A corpus consists of subcorpora and sessions. For example, the following illustration shows a corpus labeled 'Goemai corpus (preliminary version)', together with its two subcorpora 'Natural data' and 'Elicited data'. The subcorpus 'Elicited data' contains further subcorpora (labeled 'Matching games' and 'Picture books'). Each subcorpus consists of sessions (labeled 'Session1' to 'Session6') that contain the actual session data (i.e., IMDI Session files with metadata information and links to info, media, written resource, and lexicon files).

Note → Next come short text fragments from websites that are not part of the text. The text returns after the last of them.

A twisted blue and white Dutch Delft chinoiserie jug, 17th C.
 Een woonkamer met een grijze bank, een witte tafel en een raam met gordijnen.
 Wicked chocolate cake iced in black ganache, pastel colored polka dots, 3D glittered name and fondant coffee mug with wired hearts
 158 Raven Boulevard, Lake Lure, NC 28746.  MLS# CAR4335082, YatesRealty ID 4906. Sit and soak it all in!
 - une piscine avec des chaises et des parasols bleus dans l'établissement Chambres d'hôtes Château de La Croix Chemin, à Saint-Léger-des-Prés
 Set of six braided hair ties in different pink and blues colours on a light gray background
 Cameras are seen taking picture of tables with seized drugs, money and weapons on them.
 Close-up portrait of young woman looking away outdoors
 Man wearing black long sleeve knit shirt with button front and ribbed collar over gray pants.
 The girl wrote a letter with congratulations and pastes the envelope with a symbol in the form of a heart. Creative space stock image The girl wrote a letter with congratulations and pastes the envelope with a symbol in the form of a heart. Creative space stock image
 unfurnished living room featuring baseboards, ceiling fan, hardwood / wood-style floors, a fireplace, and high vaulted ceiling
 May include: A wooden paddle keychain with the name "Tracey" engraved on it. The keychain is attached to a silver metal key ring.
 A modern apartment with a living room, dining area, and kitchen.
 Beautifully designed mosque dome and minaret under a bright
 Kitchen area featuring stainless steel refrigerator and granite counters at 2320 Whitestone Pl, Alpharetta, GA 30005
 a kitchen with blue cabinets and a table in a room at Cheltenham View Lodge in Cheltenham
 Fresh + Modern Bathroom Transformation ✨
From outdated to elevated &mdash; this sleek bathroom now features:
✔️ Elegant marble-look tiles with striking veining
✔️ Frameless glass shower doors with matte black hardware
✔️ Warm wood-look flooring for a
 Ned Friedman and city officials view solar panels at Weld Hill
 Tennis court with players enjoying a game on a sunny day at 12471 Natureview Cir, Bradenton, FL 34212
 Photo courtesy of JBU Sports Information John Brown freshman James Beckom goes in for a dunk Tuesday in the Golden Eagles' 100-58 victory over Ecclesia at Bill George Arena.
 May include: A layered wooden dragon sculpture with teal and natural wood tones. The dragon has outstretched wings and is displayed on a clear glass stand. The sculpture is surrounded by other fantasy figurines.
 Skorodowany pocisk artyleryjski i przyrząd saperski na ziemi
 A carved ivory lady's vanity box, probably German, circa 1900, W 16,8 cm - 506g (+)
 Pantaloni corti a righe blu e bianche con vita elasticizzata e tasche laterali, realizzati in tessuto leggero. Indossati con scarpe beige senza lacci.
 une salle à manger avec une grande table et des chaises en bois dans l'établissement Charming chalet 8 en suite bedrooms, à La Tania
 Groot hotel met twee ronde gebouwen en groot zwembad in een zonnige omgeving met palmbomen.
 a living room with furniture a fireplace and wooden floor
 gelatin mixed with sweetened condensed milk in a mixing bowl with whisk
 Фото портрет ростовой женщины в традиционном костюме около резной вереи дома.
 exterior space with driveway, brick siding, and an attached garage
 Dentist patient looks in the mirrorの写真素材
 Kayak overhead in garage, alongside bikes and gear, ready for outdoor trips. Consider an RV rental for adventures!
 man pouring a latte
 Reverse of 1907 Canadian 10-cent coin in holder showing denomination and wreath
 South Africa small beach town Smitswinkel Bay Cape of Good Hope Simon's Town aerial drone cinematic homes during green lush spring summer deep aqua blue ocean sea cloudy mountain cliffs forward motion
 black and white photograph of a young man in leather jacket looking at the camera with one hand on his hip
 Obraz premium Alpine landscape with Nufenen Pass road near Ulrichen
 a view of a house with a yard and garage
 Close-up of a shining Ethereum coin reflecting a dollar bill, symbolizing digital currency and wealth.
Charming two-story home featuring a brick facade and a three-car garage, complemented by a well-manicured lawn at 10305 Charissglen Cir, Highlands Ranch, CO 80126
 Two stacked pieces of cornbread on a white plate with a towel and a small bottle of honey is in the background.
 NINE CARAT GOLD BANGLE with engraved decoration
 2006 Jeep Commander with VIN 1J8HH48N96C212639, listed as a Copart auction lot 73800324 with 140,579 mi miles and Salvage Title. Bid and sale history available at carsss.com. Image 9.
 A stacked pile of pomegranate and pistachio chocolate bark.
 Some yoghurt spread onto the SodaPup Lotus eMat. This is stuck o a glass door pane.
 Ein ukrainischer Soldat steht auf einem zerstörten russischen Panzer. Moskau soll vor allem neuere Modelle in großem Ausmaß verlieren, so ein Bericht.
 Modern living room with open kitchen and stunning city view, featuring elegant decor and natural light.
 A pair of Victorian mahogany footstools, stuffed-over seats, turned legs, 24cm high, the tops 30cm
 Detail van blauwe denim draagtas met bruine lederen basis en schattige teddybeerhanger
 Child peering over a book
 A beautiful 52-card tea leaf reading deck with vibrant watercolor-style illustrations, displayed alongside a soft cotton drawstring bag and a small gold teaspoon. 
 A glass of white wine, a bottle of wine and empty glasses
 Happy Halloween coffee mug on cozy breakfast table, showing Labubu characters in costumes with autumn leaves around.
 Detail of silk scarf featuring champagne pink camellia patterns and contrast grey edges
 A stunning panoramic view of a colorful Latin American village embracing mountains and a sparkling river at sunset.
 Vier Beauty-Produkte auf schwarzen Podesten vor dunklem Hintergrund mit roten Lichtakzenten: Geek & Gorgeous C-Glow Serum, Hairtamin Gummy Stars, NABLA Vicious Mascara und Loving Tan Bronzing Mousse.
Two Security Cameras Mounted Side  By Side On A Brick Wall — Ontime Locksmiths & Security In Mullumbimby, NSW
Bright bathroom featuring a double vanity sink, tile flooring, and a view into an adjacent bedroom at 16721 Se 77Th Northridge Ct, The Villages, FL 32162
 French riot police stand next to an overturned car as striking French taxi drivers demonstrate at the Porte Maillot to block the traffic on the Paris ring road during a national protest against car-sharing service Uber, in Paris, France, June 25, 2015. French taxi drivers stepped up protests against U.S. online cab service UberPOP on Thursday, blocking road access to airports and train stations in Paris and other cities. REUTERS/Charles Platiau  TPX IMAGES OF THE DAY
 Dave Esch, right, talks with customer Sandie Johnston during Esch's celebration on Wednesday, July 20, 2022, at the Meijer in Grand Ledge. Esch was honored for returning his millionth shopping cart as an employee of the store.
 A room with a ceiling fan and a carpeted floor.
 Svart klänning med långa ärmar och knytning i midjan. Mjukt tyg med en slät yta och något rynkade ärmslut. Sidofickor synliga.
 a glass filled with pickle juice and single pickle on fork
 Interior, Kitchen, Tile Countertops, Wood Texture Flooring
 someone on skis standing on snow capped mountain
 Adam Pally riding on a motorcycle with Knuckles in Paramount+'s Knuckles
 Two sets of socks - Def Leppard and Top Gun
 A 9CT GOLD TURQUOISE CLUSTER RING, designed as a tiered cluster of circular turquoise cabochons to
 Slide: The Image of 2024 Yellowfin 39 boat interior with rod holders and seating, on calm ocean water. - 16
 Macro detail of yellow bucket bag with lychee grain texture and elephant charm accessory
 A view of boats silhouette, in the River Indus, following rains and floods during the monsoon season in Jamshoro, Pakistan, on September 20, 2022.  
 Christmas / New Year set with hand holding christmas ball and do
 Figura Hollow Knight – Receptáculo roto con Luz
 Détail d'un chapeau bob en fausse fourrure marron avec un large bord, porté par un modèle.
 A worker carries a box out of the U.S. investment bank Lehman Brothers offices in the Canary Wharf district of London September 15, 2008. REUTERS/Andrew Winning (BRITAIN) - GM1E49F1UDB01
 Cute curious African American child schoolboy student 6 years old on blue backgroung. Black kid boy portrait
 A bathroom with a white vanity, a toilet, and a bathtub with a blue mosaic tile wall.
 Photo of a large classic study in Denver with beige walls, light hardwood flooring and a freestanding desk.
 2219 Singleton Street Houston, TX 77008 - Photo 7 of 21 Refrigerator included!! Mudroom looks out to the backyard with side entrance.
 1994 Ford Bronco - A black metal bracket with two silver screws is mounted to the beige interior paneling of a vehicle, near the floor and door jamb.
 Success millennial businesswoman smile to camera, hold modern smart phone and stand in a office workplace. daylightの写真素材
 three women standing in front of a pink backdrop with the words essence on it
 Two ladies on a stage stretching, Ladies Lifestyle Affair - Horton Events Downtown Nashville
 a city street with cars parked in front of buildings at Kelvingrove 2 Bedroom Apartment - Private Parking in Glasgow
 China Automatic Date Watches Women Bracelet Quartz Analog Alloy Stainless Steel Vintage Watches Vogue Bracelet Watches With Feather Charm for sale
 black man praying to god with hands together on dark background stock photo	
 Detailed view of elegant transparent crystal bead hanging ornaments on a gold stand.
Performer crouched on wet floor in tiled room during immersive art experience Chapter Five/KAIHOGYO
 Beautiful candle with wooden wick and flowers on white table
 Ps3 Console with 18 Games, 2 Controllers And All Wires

Goemai corpus (preliminary version):
  • Natural data

    • Session1

    • Session2

    • Session3

  • Elicited data

    • Matching games

      • Session4

      • Session5

    • Picture books

      • Session6

To specify such a hierarchical corpus structure, you need to create an IMDI Corpus file for each corpus and subcorpus. You are asked to provide the following information:

  1. Corpus Name:

    A short name or abbreviation that uniquely identifies the corpus or subcorpus.


    Note for researchers working at the MPI for Psycholinguistics, Nijmegen: The Corpus Name should be the same as the name of the corresponding IMDI Corpus file. Furthermore, the file name has to be Unix compatible: do not use file names longer than 14 characters, do not use non-letter or non-number characters (except for the underscore: _), and do not use blank spaces.

  2. Corpus Title:

    The complete title of the corpus or subcorpus. Usually, it is the spelled out version of the abbreviated Name.

  3. Descriptions:

    Descriptive information about the corpus or subcorpus. See Section A.1 for instructions on how to fill in a Descriptions schema. Remember: The field Language refers to the language in which the description is written - not to the language under investigation.

  4. Corpus Links:

    Specify links to (a) all IMDI Session files or (b) all IMDI Corpus files that belong to the subcorpus or corpus.

    1. Specify the IMDI Session files that belong to the subcorpus. E.g., in the IMDI Corpus file Natural.imdi (i.e., 'Natural data'), specify that it contains the IMDI Session files Session1.imdi, Session2.imdi and Session3.imdi.

      Specify the IMDI session files

      Figure 5.5. Specify the IMDI session files

      Specify the links to the IMDI Session files

    2. Specify the IMDI Corpus files that belong to the corpus or subcorpus. E.g., in the IMDI Corpus file Goemai.imdi (i.e., 'Goemai corpus (preliminary version)'), specify that it contains the IMDI Corpus files Natural.imdi (i.e., 'Natural data') and Elicited.imdi (i.e., 'Elicited data').

      Specify the IMDI corpus files

      Figure 5.6. Specify the IMDI corpus files

      Specify the links to the IMDI Corpus files

    To specify a link, do the following:

    1. Click on the Add button. The CorpusLink dialog window appears.

      Add Corpus Link

      Figure 5.7. Add Corpus Link

    2. Enter the name of the session or corpus in the field Name.

    3. Specify the directory location of the corresponding IMDI Session/Corpus file in the field Corpus Link.